In an article some weeks ago, I argued that in the minds of the general public, schools had become the dustbins, not the drivers, of ideas - that as a nation, we had forgotten what they were for. Oh that Cassandra feeling! Professionally, I appreciate, of course, that there are pragmatic and commercial reasons why the exam boards concerned have decided they can no longer support these subjects, but has no one else considered that it is our education system itself that has pushed them to this sad stage? They have insufficient staff, insufficiently knowledgeable or appropriately skilled to manage such a significant responsibility. How did that happen?

Withering curriculum

The state-controlled curriculum has been slowly withering in the stultifying grip of social meliorists, rather than educators, for decades, regardless of which political party forms a government. It’s no accident that for the academic year ending in July 2015, of all the students studying art history A level, 76 per cent did so at private schools. That is 562 students out of 740. 

Put all politically motivated prejudices aside. Come on, if that patron saint of political correctness, Shami Chakrabarti can do it, anyone can. Put all that aside, and you’ll realise the reason why the last bastion of art history was in the private sector is the freedom and stability so many of those schools enjoy. Privileges indeed - far above the pampered playing fields or state-of-the-art art centres - compared with the chronic instability, insecurity and febrile trends state schools are subjected to by that same, desiccating, social meliorism.

So here’s my bid for what’s next on the list to cull. English literature’s days are definitely numbered. I mean who needs to read novels? What possible use are they? You can squeeze To Kill a Mocking Bird into a PSHE class. After all, that’s the only book they need to read and that’s where it belongs anyway. Why study - and I mean actually read - all that difficult drama business? Only the old and rich go to the theatre today. A play is just an opera without the band and everyone knows what elite, irrelevant drivel opera is. What on earth could learning about novels, plays, opera have to do with all those 21st-century skills needed for all those amazingly cool jobs that haven’t been invented yet for the equally cool digital natives with smartphones? And as for teaching poetry, words fail me.

Words fail us

Which is, of course, the point. Words are already failing us. George Orwell was far from the first literary genius who understood the fragile connection between language and liberty, but I have no doubt his ghost is aghast with disbelief at the idea that anyone who seriously describes themselves as a “teacher,” enthuses over Twitter, or opts for a leering, lemon emoji instead of typing out those three, slight words, I love you. 

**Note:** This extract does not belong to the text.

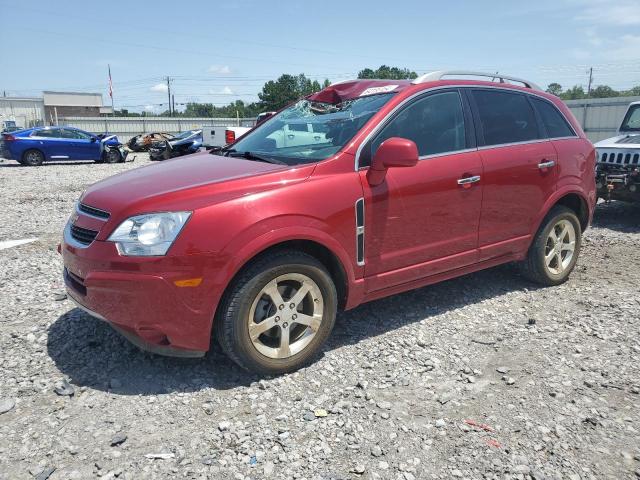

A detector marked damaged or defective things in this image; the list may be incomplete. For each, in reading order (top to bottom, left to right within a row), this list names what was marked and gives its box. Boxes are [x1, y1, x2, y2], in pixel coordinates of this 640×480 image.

If once wasn’t enough, I was blasted by that Cassandra feeling yet again after listening to Howard Jacobson’s brilliant defence of literary difficulty on Radio 4’s A Point of View. Not least because of the unfettered abuse my criticism of shallow young adult fiction in TES provoked during the summer, from adults, who, without a doubt, considered themselves educated. Jacobson praised Tom Stoppard for the way he had attacked audiences of his plays who were ill equipped to enjoy them. “It wasn’t simply that they were uneducated themselves, what was worse, was that they were frightened, and even offended by the evidence of education in others,” Jacobson said. 

That offence, the contemptuous touchiness, that miasmatic fear of not knowing, anathema in a real academy, has taken over the educational establishment. It is the distinguishing feature of social meliorism. What Claire Fox describes in her recent book as an academy rotting from within. A book, appropriately called, considering Jacobson’s words, I Find that Offensive

I remember the day Stoppard came to talk to the pupils at the school where I taught. It was, just to put an indelible stamp on everything I have been arguing here, a private school, free to make its own choices. He was there not because he was paid to be, or because of some old-boy connection (which I’m sure is what anyone describing themselves on Facebook as “stroppy” instantly assumed). It was simply because he knew this was a school that shared his profound belief that literature mattered. He was right. 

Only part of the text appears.